* _ABOUT THIS TASK_
Print nothing except the lines of the listing below from the line with "Nezyo - 2 Pack" to the line with "Stylish Shirt Collar", each exactly as written, both ends included.

* _DATA SHOWN_

··········

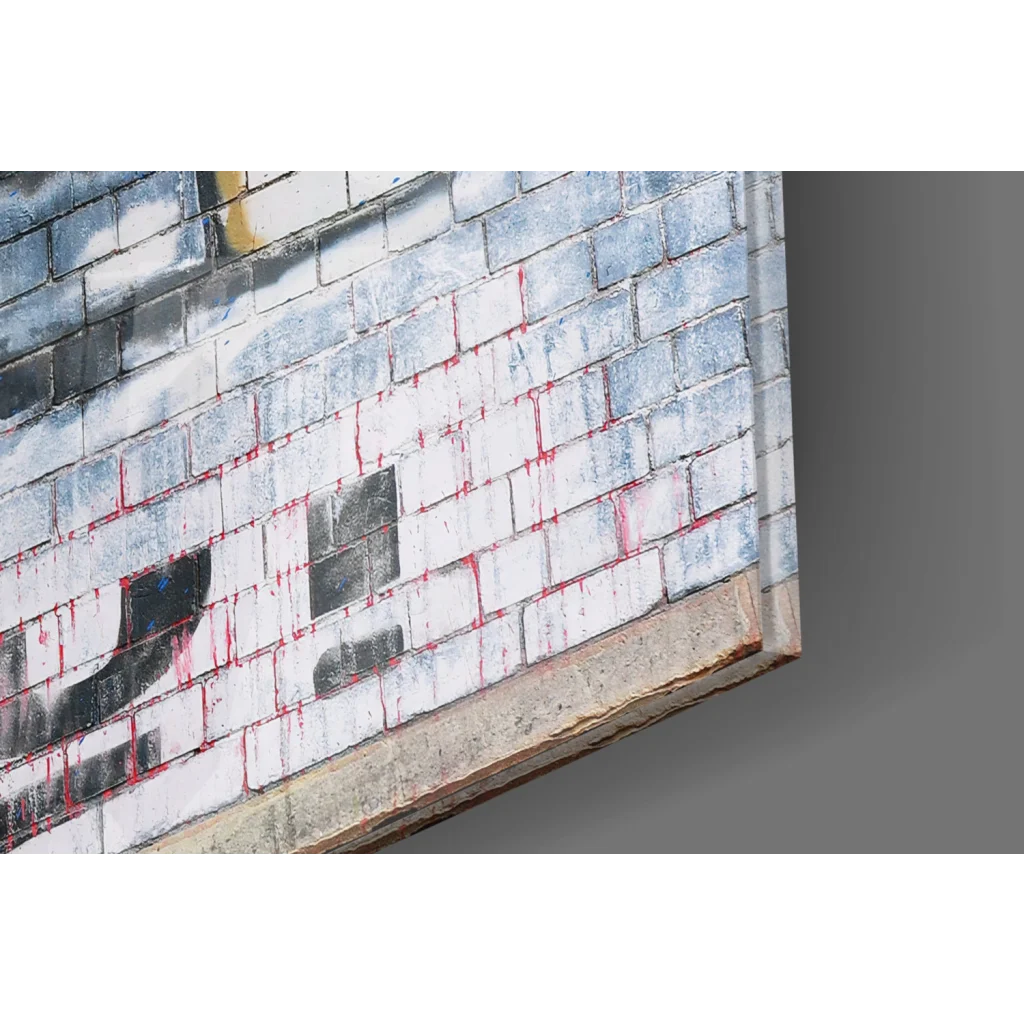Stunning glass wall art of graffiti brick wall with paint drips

··········

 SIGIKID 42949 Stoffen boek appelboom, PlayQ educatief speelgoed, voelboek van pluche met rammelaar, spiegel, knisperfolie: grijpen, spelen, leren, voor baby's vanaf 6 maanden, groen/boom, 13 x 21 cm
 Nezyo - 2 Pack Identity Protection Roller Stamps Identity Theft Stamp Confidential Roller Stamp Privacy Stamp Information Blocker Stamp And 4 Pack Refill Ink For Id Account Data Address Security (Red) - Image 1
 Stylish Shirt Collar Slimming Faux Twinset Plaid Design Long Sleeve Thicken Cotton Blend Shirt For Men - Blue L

··········

* _ANSWER TO THE EXERCISE_
 Nezyo - 2 Pack Identity Protection Roller Stamps Identity Theft Stamp Confidential Roller Stamp Privacy Stamp Information Blocker Stamp And 4 Pack Refill Ink For Id Account Data Address Security (Red) - Image 1
 Stylish Shirt Collar Slimming Faux Twinset Plaid Design Long Sleeve Thicken Cotton Blend Shirt For Men - Blue L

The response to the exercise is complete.